Scott Adams's Win Bigly: Persuasion in a World Where Facts Don't Matter elaborates on the thinking he used to anticipate Donald Trump's first securing the Republican nomination, then framing things in a way that even his gaffes and his crudity helped him nail down the necessary electoral votes.
"Persuasion" is a loaded term, I'll argue in Book Review No. 28, one that is in a bad odor in Intellectual Circles, this goes at least as far back as Vance Packard's Hidden Persuaders, and it might stink of hucksters and carny barkers. It's a phenomenon that calls for broader understanding, though, particularly in light of all the vulgar behavioral economics work that gets Supposedly Intelligent People all huffy about the lousy decision-making propensities of everyone else.
First pro tip: an intellectual thinker might be more diplomatic than using a term like "deplorable."
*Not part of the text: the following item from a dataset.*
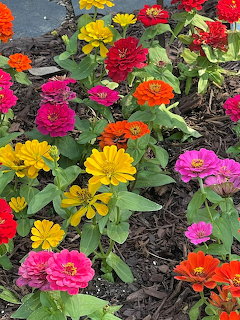 Colorful zinnia flowers blooming in a garden with pink, yellow, orange, and red blossoms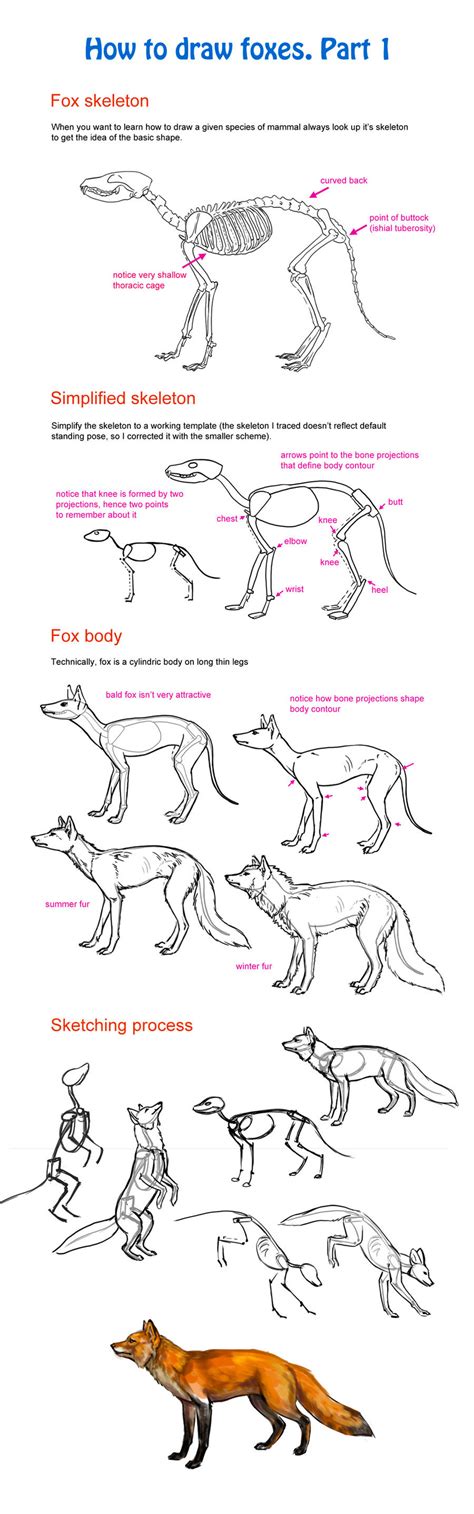 How To Draw Fox Part 1 By Elruu On Deviantart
There is, however, merit in understanding the logic of persuasion. Mr Adams suggests that the craft of behavioral science, which may or may not include training hypnotists, has a lot to offer in understanding human motivation, and in influencing behavior.
Second pro tip: a leader might be more effective at getting things done by focusing effort on the main prize, thus reducing caviling over niggling details, leading either to agreement on the substance, or on finding more than one way for things to do well. Mr Adams sketches these ideas as "two ways to win, no way to lose" and "high ground maneuver," and perhaps he'd like to persuade you to buy his other business strategy books.
At the same time, some of the more effective persuasive techniques he details, and credits Our President with using, are really cleverly packaged logical fallacies.
Consider "many people are saying." Our President uses that in campaign rallies. Journalists like to trot it out as a way of being controversial without revealing their own biases. That's the ad populum fallacy. Your Mom had the perfect counter for that: "and if all the other kids decided to jump off bridges ..." If there is one message people ought to take from Win Bigly, it is that complex, nuanced, and technically correct responses to simple errors put people to sleep. Sorry, I might have just done that myself.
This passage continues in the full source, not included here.